Annual reports usually advance a theme or concept that has been embraced by company management and/or its marketing wings. Catch phrases such as "Poised for the Twenty-first century" or "Meeting the Needs of the Information Age" can unify a company's annual report message. In addition, particular events or economic conditions of a given year may be incorporated into the themes advanced in an annual report. Companies also use milestone anniversaries—including industry as well as company anniversaries—in their annual reports. Promoting a long, successful track record is often appealing to shareholders and various audiences, for it connotes reliability and quality. Still other companies have developed a tried-and-true format that they use year after year with little change except updating the data. Whatever the theme, concept, or format, the most successful reports are ones that clearly delineate a company's strategies for profitable growth and cast the firm in a favorable light.

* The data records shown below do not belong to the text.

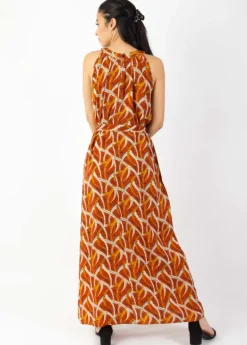 Cheap Coton Du Monde Robe longue col licou FRIDA imprimé ethnique orange Savane Orange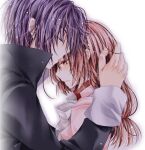  1boy 1girl black_coat bow closed_eyes closed_mouth coat comforting commentary_request couple crying fine_(futagohime) from_side fushigiboshi_no_futago_hime hand_on_another&#039;s_head holding holding_head isutoria_no_hakoniwashi long_coat long_hair long_sleeves low_twintails purple_hair red_eyes sad shade_(futagohime) short_hair sidelocks simple_background twintails white_background white_bow 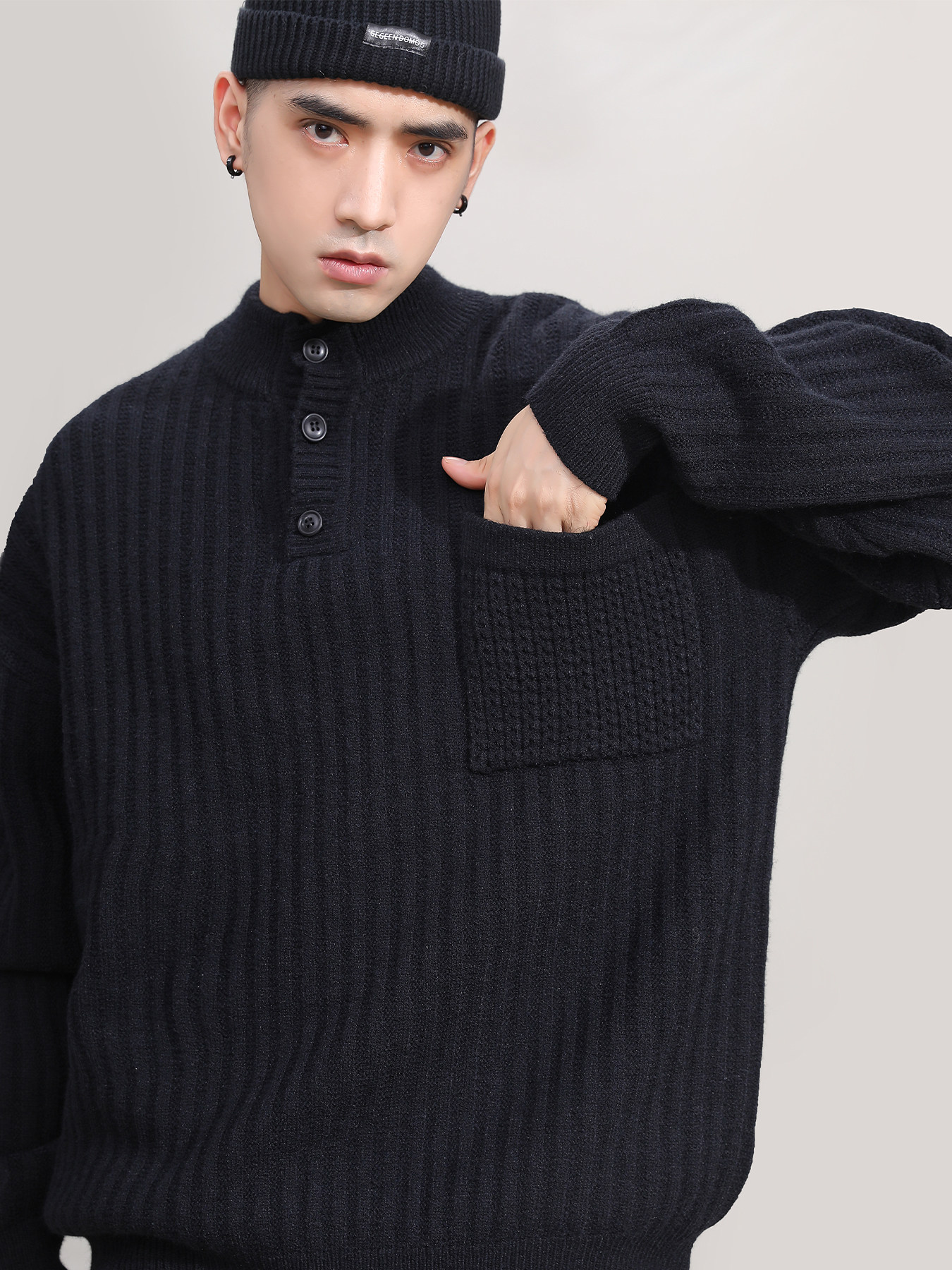 AUTUMN AND WINTER HENLEY COLLAR SWEATER BOYS BLACK TRENDY LOOSE PULLOVER LAZY STYLE THICKENED KNIT JACKET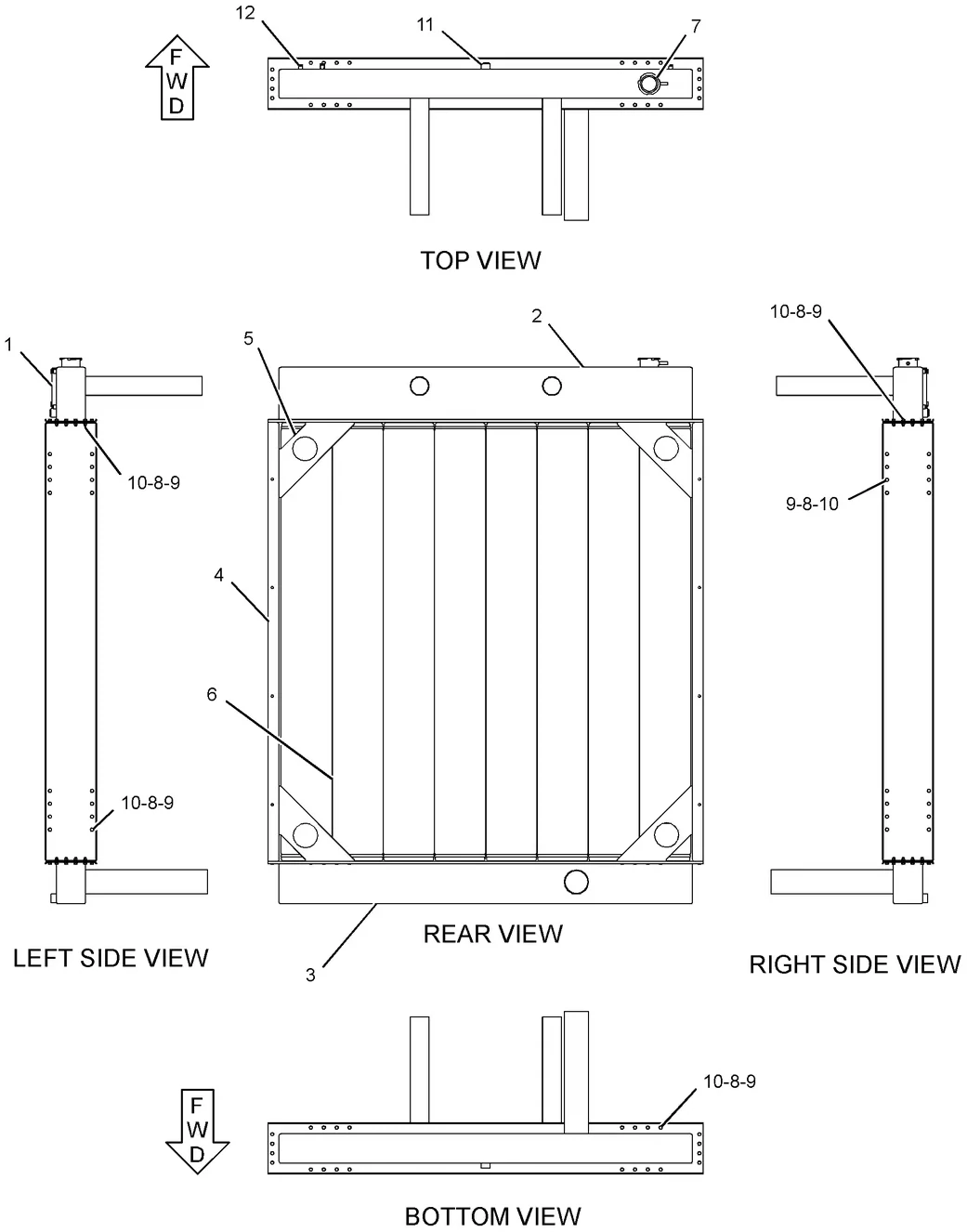 3512C · COOLING SYSTEM · 265-5621 CAT parts diagram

TARGET AUDIENCES FOR ANNUAL REPORTS
Current shareholders and potential investors remain the primary audiences for annual reports. Employees (who today are also likely to be shareholders), customers, suppliers, community leaders, and the community-at-large are also targeted audiences.
Employees
The annual report serves many purposes with employees. It provides management with an opportunity to praise employee innovation, quality, teamwork, and commitment, all of which are critical components in overall business success. In addition, an annual report can also be used as a vehicle to relate those company successes—a new contract, a new product, cost-saving initiatives, new applications of products, expansions into new geographies—that have an impact on its work force. Seeing a successful project or initiative profiled in the annual report gives reinforcement to the employees responsible for the success.
The annual report can help increase employee understanding of the different parts of the company. Many manufacturing locations are in remote areas, and an employee's understanding of the company often does not go beyond the facility where he or she works. An annual report can be a source for learning about each of a company's product lines, its operating locations, and who is leading the various operations. The annual report can show employees how they fit into the "big picture."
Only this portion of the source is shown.